Data excerpts:
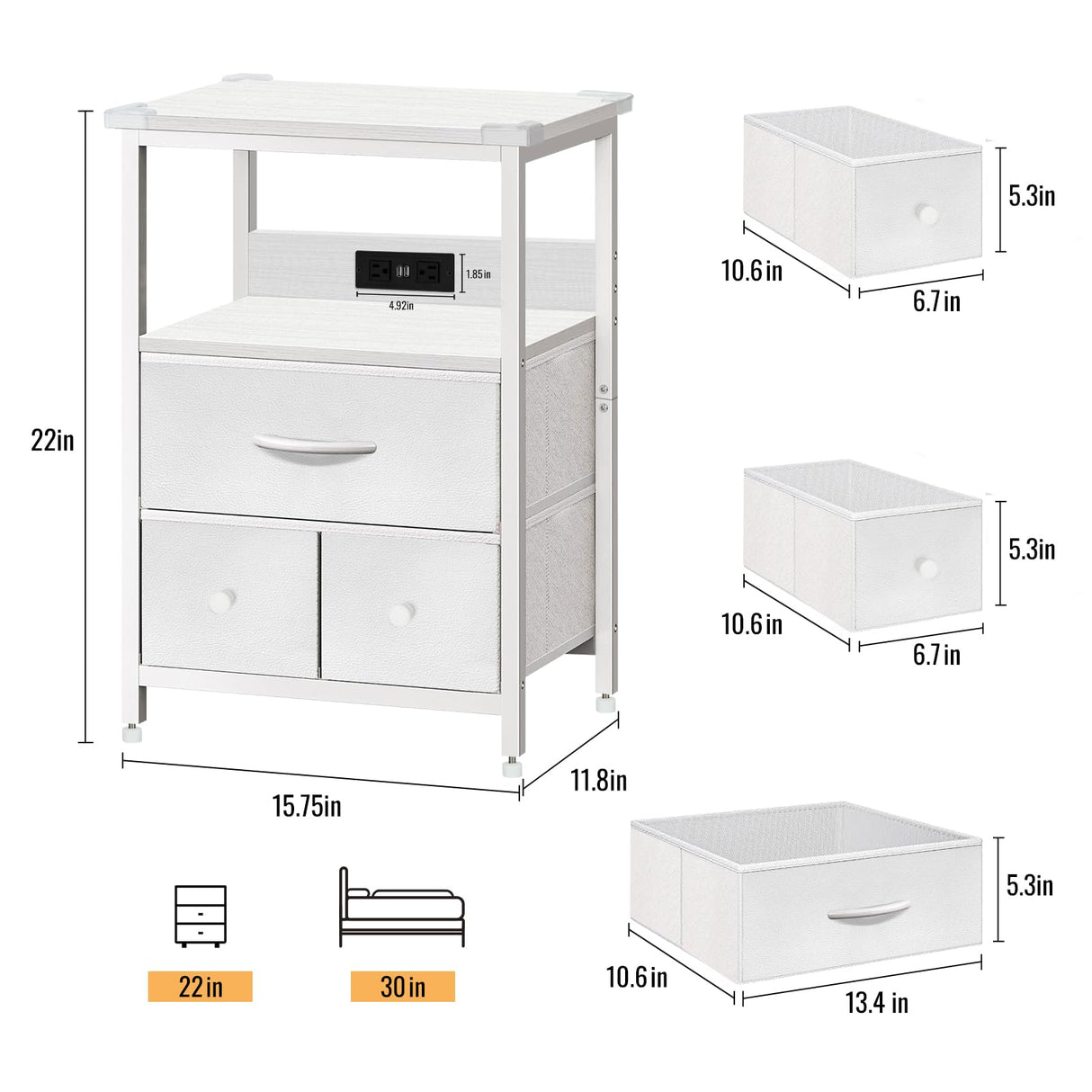 BEHEY Night Stand, Bedside Table, Adjustable Leveling Dorm Nightstand with 3 Drawers Storage, End Table with Corner Protectors, Nightstand with Charging Station, 3-Tiers，White, 15.75 Inch BEHEY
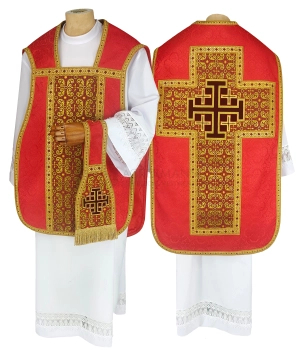 Römische Kasel mit Jerusalemkreuz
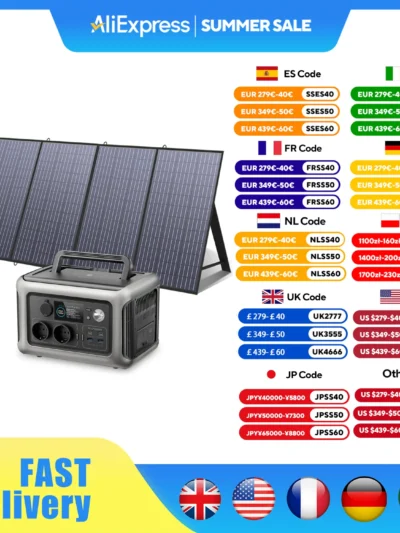ALLPOWERS R600 Solar Generator with SolarPanel (Optional), 600W 299Wh LiFePO4 Portable Power Station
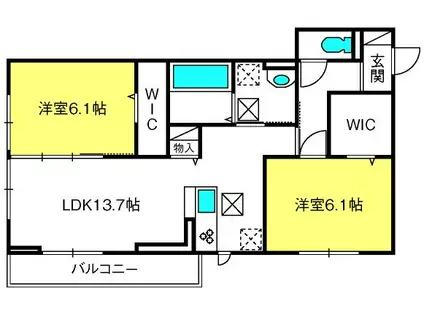 エスポワール宮原(2LDK/2階)の間取り写真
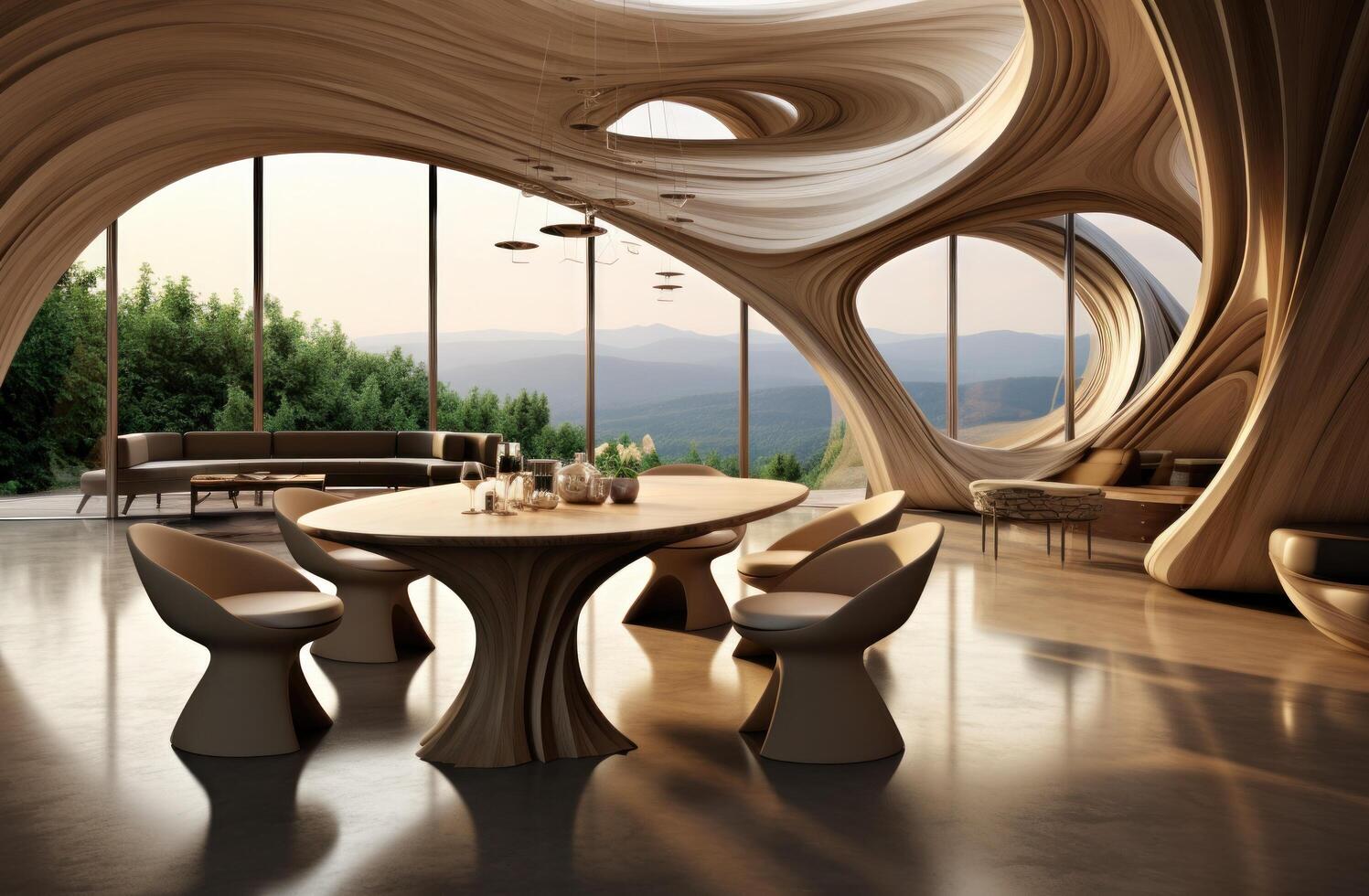 AI generated a wooden dining room with curved edges photo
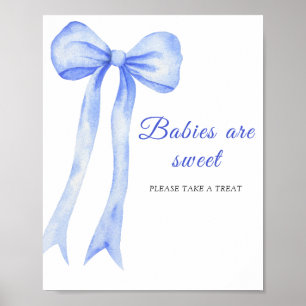 Watercolor blue bow - babies are sweet poster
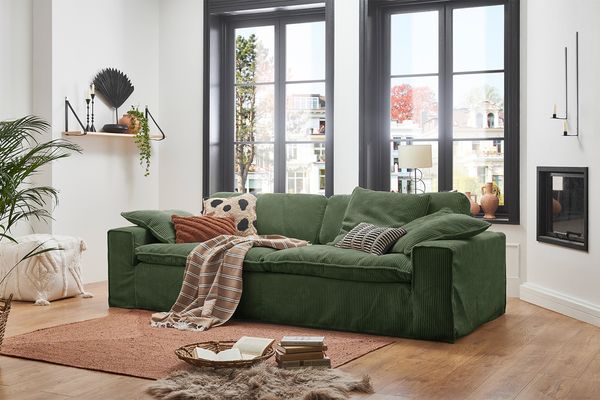 KAWOLA Sofa NETTA 4Sitzer Bezug abziehbar Cord moosgrün 90 x 116 x 258 cm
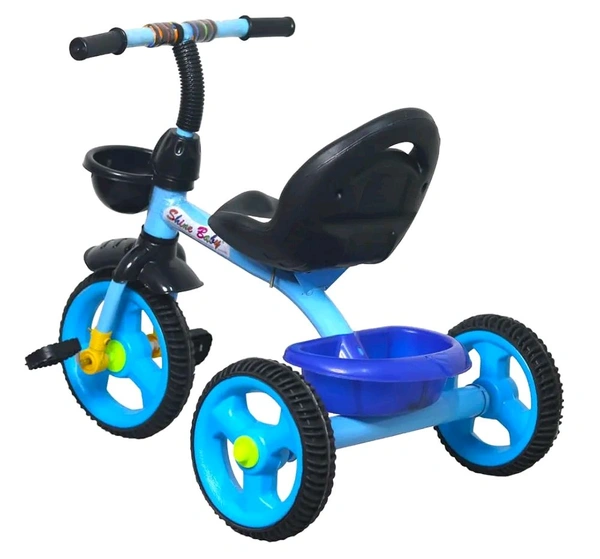 Kids Rambo Toy Tricycle for 2-5 Years | Heavy Duty Metal Body | Dual Storage Basket Trike | Pedal Trike for Boys & Girls | Safe & Durable Design | Indoor & Outdoor Toy Tricycle (Blue)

* **Problem**: Restate word for word only the lines from where the entries begin through the one with "Watercolor blue bow"; omit the pictures.

* **Output for this exercise**:
 BEHEY Night Stand, Bedside Table, Adjustable Leveling Dorm Nightstand with 3 Drawers Storage, End Table with Corner Protectors, Nightstand with Charging Station, 3-Tiers，White, 15.75 Inch BEHEY
 Römische Kasel mit Jerusalemkreuz
ALLPOWERS R600 Solar Generator with SolarPanel (Optional), 600W 299Wh LiFePO4 Portable Power Station
 エスポワール宮原(2LDK/2階)の間取り写真
 AI generated a wooden dining room with curved edges photo
 Watercolor blue bow - babies are sweet poster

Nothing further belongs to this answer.